Part of it is, I am sure, all the mandatory training I did last year. And while some of the benefits of that should have carried over to the new year, the motivational part did not. Its not that I’m not motivated to stay in shape or work out. Its just that I do not have a goal race or races I am working towards. I’ve reached all my athletic goals except qualifying for Boston, but I’m not sure that will ever happen. I’m okay with that mostly, but a small part of me feels guilty too, like I should be using all that newly acquired iron power to excel over last year.
But I’ve also reached a different stage in my life, to a point where I want to enjoy each day and not feel pressured to train just because I hastily signed up for a race that I probably wanted to do but wished I didn’t have to specifically train for.
Its truly hard to break old habits, especially ones that have been over 20 years in the making, so I still work out most days—now because I want to. I enjoy the brief encounters on Facebook also, meaning I can still keep up with everyone’s accomplishments on a regular basis but am not necessarily compelled to blog about my daily routine.
Last week, on vacation in Florida, I couldn’t help realize how much I really enjoyed being on vacation, being in the great weather and sunshine, having a laid back routine with no set agenda until getting up for the day. And I certainly couldn’t help enjoy being away from work that for the past few months has offered me absolutely no stimulation. Due to a lot of changes around here, my daily work routine consists of either scrambling for work to keep busy or waiting for someone to give me something to do. There is no longer that daily list of tasks to be performed or ongoing projects to look forward to, so the days drag into endless tedium. And that certainly does nothing for my mood during the work day and leaves me with little to no motivation toward the job, as well as the constant fear of not having a job, like so many others recently. These days, its like being between a rock and a hard place when you don’t like your job, because on the one hand you can’t just quit because here in Michigan especially there is little to nothing out there, and if there is its not going to pay what I make now, and wanting to try something new but being fearful because of being low person on the totem pole.

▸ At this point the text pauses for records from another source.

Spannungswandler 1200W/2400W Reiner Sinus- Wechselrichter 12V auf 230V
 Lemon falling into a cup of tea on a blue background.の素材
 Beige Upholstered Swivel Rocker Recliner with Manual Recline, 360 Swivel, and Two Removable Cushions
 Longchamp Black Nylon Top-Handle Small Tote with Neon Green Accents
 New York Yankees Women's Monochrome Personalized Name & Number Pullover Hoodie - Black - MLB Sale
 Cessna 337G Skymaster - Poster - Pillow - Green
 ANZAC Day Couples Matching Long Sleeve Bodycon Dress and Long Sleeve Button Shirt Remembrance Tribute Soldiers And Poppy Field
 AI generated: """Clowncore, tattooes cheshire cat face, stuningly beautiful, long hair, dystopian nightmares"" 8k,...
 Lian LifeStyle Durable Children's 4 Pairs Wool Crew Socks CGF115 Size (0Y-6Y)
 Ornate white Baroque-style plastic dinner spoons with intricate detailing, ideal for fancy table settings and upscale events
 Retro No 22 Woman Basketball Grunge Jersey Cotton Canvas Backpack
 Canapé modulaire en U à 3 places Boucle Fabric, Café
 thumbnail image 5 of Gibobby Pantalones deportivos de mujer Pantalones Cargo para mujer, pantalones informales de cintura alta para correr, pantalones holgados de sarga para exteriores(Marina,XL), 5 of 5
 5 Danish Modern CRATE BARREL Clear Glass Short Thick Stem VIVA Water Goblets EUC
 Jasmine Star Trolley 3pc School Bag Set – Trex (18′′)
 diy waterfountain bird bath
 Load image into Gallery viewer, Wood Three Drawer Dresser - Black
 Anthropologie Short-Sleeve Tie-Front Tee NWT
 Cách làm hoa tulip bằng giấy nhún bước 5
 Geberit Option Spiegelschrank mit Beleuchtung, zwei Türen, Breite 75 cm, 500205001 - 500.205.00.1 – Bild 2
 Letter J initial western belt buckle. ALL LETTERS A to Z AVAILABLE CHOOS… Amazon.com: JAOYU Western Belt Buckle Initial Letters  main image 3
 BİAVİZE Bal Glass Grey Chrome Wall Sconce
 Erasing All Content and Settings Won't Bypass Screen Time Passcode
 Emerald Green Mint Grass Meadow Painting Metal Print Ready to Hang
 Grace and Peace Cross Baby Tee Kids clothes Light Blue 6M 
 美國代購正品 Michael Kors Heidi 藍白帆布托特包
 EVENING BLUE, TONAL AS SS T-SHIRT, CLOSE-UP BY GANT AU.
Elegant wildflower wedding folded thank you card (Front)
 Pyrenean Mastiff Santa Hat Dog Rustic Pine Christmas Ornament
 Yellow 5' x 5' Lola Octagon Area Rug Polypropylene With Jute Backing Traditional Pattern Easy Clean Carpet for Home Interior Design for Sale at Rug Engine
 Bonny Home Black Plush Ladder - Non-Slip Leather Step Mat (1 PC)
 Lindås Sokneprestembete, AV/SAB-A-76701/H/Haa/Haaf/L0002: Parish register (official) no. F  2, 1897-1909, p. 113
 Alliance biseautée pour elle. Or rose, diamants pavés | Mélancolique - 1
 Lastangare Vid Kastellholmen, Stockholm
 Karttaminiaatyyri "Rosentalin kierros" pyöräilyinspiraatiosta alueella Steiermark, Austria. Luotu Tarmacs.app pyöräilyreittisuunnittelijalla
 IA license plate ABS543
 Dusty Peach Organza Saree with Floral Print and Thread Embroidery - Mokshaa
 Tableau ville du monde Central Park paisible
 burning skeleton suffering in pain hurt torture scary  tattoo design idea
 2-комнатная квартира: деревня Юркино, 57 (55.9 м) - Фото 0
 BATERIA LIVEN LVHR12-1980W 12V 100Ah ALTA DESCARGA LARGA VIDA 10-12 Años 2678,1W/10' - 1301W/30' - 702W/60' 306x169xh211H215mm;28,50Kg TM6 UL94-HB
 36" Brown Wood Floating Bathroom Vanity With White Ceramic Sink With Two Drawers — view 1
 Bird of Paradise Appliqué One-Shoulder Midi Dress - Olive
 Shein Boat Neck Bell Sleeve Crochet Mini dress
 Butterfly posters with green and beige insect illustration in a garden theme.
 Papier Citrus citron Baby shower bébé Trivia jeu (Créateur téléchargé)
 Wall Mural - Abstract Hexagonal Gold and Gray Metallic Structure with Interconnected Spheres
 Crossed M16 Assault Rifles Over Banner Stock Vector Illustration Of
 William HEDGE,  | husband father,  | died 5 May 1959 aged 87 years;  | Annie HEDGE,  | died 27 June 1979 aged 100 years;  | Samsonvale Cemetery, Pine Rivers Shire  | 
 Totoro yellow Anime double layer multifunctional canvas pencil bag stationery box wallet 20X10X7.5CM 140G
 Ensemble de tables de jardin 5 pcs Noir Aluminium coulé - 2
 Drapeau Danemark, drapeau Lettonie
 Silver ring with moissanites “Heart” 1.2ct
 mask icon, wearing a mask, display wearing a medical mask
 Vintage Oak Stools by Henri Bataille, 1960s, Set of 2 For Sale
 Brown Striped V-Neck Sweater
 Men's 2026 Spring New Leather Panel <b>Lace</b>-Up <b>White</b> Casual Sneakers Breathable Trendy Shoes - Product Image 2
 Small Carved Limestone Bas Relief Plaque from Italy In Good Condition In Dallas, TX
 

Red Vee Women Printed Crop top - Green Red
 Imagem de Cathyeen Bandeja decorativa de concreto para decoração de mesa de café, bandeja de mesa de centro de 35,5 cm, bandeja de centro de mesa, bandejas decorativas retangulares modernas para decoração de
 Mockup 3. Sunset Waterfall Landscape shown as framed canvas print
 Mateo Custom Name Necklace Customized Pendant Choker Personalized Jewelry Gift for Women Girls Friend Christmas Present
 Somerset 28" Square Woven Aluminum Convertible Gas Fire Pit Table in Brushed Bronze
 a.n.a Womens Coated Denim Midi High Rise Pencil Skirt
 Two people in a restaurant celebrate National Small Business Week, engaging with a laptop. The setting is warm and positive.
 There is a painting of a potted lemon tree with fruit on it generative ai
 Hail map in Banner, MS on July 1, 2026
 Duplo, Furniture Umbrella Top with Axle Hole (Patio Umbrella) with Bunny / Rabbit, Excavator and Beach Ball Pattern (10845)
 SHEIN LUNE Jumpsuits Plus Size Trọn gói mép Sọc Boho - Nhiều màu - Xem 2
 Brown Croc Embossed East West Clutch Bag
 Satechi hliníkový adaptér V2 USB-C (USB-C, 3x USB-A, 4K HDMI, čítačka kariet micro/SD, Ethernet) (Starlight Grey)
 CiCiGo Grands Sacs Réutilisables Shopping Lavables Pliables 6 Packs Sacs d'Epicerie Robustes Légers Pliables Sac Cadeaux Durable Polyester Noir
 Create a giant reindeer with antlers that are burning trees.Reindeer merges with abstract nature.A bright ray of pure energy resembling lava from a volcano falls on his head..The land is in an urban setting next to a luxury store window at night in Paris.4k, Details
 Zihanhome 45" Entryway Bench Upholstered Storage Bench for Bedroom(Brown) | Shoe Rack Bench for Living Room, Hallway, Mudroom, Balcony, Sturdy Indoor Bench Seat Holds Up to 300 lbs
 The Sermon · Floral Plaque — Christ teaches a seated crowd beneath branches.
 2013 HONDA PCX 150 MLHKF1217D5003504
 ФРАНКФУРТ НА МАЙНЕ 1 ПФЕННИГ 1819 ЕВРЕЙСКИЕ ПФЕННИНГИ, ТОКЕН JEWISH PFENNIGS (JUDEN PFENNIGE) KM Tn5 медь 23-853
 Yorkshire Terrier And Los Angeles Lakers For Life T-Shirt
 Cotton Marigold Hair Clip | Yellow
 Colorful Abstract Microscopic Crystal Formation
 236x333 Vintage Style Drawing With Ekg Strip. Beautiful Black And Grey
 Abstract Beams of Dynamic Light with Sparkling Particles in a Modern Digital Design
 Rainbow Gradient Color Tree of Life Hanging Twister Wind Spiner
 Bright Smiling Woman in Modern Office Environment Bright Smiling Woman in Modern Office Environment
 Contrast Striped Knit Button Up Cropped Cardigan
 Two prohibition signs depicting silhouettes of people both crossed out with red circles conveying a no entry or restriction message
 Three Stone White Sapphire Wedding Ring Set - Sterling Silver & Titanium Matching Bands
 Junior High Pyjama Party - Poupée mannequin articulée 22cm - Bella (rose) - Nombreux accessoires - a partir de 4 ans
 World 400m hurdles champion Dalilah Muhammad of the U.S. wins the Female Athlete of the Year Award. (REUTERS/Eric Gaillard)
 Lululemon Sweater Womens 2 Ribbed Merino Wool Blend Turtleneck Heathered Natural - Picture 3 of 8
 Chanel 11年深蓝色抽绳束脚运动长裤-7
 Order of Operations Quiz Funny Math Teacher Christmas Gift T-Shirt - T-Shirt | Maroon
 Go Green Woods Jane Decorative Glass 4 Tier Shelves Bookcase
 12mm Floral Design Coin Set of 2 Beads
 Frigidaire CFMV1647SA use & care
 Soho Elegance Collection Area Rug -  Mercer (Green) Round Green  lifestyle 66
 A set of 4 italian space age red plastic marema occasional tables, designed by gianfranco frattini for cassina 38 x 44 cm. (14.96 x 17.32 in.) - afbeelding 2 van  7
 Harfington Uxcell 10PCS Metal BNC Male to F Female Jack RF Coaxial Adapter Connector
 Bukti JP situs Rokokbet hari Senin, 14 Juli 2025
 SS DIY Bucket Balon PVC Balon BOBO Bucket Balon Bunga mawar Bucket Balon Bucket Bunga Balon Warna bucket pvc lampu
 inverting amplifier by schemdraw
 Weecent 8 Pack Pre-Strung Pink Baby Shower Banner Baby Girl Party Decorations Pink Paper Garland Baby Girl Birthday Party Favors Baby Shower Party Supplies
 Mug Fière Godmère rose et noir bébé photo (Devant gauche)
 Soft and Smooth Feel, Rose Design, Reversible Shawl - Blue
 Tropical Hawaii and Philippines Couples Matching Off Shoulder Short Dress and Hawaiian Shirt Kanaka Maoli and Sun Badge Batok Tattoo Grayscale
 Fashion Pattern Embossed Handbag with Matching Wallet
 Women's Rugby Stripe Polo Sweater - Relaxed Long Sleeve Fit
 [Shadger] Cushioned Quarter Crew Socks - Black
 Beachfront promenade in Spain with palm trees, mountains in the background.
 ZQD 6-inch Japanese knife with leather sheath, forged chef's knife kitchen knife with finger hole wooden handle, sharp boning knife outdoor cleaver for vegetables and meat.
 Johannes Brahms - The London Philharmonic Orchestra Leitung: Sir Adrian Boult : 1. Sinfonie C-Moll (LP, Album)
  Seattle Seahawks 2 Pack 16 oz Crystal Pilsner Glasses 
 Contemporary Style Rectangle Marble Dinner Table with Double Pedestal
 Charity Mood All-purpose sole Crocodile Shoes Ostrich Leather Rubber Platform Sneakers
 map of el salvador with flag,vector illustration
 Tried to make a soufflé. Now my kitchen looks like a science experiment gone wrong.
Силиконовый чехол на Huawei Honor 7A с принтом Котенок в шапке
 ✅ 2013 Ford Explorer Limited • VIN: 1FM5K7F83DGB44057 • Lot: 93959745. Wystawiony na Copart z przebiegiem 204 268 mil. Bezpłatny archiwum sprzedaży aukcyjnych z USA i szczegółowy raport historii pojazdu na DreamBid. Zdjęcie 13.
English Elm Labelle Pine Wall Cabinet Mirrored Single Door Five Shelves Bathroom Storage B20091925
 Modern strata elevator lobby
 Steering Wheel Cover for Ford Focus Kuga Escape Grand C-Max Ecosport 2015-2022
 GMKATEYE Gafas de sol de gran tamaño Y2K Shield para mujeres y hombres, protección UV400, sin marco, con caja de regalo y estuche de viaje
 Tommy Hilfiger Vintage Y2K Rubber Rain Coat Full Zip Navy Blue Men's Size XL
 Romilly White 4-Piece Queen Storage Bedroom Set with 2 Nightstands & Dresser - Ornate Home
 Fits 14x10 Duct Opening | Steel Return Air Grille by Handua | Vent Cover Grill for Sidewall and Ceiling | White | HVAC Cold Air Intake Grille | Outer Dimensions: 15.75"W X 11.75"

Instead of getting up at 5 am to work out because of the need to fit everything into a day, my workout times have occurred a lot of times during lunch hour because it’s a way to shorten the work day, or after work with Don, who is now running regularly again and I know its me who keeps him motivated there, so I hate to not organize my day for noon or after work runs.
So I continue to mull over what the rest of my year will be regarding racing. Right now, since my one unreached goal is Boston, I really feel I need to give myself this year to work on my running more and see where I am at the end of the summer or maybe mid September and stop torturing myself looking at races I am not that inclined to do. Its like window shopping though, because I enjoy looking at different races, venues, courses, etc. and dreaming of being at that particular race but then not registering for anything.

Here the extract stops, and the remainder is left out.